Happily, science does not depend on consensus. Conclusions are either reached or not, but only after an analysis of evidence as found in nature. It's often been said that once a conclusion is reached, proper scientists set about trying to prove themselves wrong. Failing in that, they arrive at a statement that appears -- based on all available data -- to describe a limited aspect about how the world appears to work. And not all scientists are willing to follow this path. My most excellent friend Martin Gardner once asked a parapsychologist just what sort of evidence would convince him he had erred in coming to a certain conclusion. The parascientist replied that he could not imagine any such situation, thus -- in my opinion -- removing him from the ranks of the scientific discipline rather decidedly.
History supplies us with many examples where scientists were just plain wrong about certain matters, but ultimately discovered the truth through continued research. Science recovers from such situations quite well, though sometimes with minor wounds.
I strongly suspect that The Petition Project may be valid. I base this on my admittedly rudimentary knowledge of the facts about planet Earth. This ball of hot rock and salt water spins on its axis and rotates about the Sun with the expected regularity, though we're aware that lunar tides, solar wind, galactic space dust and geomagnetic storms have cooled the planet by about one centigrade degree in the past 150 years. The myriad of influences that act upon Earth are so many and so variable -- though not capricious -- that I believe we simply cannot formulate an equation into which we enter variables and come up with an answer. A living planet will continually belch, vibrate, fracture, and crumble a bit, and thus defeat an accurate equation. Please note that this my amateur opinion, based on probably insufficient data.
The whole sorry thing:
http://www.randi.org/site/index.php/swift-blog/805-agw-revisited.htmlThis is sad. Do click through to read the whole sorry thing. Randi's statement at the very end caught my attention though where he says:
In my amateur opinion, more attention to disease control, better hygienic conditions for food production and clean water supplies, as well as controlling the filth that we breathe from fossil fuel use, are problems that should distract us from fretting about baking in Global Warming.

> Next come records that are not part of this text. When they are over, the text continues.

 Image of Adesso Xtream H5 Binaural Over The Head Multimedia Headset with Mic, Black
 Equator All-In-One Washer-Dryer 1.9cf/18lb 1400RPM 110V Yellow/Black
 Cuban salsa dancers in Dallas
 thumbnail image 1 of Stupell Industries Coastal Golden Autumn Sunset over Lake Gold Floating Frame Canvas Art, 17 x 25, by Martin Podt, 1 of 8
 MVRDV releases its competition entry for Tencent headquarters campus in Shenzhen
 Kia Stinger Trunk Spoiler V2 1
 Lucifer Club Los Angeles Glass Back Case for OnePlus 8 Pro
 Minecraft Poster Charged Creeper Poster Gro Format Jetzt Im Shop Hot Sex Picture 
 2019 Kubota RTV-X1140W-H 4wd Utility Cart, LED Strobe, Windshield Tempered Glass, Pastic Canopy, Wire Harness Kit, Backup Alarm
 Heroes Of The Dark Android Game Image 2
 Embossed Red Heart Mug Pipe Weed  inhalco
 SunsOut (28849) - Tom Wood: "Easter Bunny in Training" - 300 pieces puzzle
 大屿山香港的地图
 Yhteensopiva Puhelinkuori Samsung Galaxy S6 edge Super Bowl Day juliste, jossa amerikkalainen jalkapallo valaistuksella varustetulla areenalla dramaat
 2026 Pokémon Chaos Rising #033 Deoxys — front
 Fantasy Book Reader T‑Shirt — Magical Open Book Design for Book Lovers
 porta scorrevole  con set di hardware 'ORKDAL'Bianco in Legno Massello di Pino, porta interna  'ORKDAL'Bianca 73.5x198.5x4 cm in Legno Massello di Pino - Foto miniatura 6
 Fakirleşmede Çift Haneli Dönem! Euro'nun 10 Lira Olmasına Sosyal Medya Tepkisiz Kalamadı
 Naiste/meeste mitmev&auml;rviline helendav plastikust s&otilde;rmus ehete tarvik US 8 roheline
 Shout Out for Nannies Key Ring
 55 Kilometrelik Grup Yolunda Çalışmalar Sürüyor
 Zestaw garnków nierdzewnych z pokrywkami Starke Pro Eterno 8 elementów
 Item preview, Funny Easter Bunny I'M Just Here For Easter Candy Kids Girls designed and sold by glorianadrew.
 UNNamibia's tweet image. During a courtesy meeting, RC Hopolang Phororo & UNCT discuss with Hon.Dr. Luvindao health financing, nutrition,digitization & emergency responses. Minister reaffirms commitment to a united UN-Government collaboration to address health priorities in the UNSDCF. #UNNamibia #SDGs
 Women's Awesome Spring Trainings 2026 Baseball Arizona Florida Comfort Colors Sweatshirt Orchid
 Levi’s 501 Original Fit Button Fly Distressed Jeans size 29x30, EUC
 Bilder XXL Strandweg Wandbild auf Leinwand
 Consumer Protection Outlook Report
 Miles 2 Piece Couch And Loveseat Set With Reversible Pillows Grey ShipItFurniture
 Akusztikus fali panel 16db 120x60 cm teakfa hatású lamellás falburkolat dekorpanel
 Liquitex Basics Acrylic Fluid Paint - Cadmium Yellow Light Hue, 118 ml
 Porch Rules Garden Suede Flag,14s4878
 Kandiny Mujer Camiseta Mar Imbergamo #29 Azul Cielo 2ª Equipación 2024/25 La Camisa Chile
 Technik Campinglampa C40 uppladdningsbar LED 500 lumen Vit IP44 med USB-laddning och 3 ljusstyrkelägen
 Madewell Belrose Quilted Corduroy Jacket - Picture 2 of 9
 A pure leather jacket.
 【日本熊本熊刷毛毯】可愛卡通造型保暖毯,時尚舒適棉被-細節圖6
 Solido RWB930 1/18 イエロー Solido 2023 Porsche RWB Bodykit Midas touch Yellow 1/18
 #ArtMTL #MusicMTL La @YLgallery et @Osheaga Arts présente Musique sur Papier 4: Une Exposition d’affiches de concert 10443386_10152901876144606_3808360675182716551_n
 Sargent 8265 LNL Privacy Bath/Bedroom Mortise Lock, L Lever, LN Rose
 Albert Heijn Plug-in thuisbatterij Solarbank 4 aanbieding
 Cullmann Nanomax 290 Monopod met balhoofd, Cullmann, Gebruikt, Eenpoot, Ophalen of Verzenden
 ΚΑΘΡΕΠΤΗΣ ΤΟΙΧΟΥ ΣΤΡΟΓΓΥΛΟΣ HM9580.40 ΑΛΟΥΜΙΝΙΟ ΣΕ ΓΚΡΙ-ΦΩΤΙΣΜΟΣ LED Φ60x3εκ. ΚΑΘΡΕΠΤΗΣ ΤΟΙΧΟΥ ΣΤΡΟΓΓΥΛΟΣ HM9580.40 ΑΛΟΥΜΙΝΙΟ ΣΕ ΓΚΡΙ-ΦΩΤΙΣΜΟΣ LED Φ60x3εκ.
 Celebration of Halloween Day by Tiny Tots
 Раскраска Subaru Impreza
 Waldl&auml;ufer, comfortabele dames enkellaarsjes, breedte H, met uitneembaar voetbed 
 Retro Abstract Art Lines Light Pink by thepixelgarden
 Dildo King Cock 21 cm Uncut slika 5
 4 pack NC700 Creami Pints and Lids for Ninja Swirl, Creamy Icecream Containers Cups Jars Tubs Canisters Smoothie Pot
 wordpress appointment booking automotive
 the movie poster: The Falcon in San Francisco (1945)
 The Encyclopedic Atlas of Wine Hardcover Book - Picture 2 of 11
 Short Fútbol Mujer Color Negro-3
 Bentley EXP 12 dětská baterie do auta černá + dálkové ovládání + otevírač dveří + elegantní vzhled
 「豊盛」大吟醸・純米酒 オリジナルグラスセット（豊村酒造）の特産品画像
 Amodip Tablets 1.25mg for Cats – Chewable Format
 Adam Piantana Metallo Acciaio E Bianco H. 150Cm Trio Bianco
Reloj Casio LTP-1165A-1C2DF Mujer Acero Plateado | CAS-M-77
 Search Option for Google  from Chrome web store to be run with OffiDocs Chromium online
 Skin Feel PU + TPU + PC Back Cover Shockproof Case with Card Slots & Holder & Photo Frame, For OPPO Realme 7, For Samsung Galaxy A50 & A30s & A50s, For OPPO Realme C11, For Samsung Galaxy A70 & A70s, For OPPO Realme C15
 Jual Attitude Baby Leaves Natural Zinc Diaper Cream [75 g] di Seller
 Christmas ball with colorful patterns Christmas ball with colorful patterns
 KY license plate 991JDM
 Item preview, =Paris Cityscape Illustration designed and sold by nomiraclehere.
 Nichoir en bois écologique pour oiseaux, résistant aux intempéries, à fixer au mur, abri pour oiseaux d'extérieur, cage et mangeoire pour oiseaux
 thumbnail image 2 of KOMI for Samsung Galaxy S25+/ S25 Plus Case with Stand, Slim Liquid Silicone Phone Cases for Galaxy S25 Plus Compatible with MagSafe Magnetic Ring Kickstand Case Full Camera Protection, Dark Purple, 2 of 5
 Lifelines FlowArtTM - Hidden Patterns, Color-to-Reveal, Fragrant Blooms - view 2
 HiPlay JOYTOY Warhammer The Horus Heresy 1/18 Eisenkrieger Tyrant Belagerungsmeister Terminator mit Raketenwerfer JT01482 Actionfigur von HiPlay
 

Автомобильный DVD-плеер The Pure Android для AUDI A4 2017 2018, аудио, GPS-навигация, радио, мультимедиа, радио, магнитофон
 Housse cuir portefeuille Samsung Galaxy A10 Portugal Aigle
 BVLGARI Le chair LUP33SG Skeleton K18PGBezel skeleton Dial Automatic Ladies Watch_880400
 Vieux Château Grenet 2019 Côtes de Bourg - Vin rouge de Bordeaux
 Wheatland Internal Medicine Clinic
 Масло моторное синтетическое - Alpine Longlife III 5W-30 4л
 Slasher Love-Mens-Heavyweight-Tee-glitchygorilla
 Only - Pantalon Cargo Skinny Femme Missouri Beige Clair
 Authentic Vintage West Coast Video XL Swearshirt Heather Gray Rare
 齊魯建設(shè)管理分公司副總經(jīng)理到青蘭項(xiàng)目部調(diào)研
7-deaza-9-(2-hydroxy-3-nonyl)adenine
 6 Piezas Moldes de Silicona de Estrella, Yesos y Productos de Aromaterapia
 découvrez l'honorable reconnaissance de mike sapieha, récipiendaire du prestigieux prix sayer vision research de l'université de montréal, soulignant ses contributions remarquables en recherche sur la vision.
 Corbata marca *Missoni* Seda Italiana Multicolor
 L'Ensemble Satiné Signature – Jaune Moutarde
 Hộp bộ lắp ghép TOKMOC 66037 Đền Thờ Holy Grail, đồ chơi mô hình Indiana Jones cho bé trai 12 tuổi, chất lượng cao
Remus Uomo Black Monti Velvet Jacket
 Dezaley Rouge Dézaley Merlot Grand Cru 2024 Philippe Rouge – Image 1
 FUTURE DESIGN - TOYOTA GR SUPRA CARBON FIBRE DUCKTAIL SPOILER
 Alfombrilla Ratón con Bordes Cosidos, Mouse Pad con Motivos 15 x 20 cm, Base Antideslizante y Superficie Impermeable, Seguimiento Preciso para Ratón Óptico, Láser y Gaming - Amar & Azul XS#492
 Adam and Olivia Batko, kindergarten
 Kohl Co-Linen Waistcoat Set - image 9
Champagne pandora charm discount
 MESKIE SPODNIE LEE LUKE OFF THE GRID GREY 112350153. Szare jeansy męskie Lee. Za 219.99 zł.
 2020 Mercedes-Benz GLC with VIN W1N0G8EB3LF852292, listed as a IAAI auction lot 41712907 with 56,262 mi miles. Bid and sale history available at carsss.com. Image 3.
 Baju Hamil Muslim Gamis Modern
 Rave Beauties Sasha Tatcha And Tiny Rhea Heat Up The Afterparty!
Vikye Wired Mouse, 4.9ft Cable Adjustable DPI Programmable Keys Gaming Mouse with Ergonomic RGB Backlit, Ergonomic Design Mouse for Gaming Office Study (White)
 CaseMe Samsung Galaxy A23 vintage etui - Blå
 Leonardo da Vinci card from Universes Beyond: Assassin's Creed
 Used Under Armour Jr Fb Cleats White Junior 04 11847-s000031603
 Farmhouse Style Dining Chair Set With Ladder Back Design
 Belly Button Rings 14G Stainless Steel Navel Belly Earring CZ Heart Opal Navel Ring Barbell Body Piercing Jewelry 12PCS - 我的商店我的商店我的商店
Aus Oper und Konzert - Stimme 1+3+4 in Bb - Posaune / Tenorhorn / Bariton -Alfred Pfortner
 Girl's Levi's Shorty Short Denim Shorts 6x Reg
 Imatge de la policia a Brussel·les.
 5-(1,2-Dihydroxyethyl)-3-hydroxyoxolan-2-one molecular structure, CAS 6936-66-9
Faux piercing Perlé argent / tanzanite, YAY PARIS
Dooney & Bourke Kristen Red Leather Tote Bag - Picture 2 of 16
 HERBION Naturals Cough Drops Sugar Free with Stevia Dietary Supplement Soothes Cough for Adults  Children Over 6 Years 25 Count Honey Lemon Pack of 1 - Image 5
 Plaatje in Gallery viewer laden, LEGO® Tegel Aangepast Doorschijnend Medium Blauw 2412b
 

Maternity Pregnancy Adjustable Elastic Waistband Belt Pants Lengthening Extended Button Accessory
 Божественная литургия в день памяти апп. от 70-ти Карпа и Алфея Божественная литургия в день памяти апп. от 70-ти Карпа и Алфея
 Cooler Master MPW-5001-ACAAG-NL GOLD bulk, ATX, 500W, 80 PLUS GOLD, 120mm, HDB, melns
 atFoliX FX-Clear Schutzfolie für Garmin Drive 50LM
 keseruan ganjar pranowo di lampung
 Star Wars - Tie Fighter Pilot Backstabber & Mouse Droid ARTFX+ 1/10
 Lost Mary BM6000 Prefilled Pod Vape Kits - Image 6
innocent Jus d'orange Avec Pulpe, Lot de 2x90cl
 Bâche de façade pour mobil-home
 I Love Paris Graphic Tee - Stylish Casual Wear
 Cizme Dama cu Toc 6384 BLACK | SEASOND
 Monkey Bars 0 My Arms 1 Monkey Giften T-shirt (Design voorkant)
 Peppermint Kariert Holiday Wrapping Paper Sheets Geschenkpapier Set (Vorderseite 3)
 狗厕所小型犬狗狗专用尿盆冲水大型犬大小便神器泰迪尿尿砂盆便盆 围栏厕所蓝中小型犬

Well, that's the trick isn't it? If you concentrate on solving precisely those problems Randi lists, then you're almost assured of reducing human-related CO2 output and thus ameliorating AGW. And in a way, I think Randi is right about that anyway. Too much emphasis is put on the end result of AGW, and not the immediate problems that are leading to AGW. Solving those problems are worthwhile things on their own and much more understandable to the average person than the vague and undefined effects of AGW fifty or a hundred years down the line, even though the effects of unchecked AGW will be much more disastrous on a wide scale than the problems Randi lists which happen on local scales.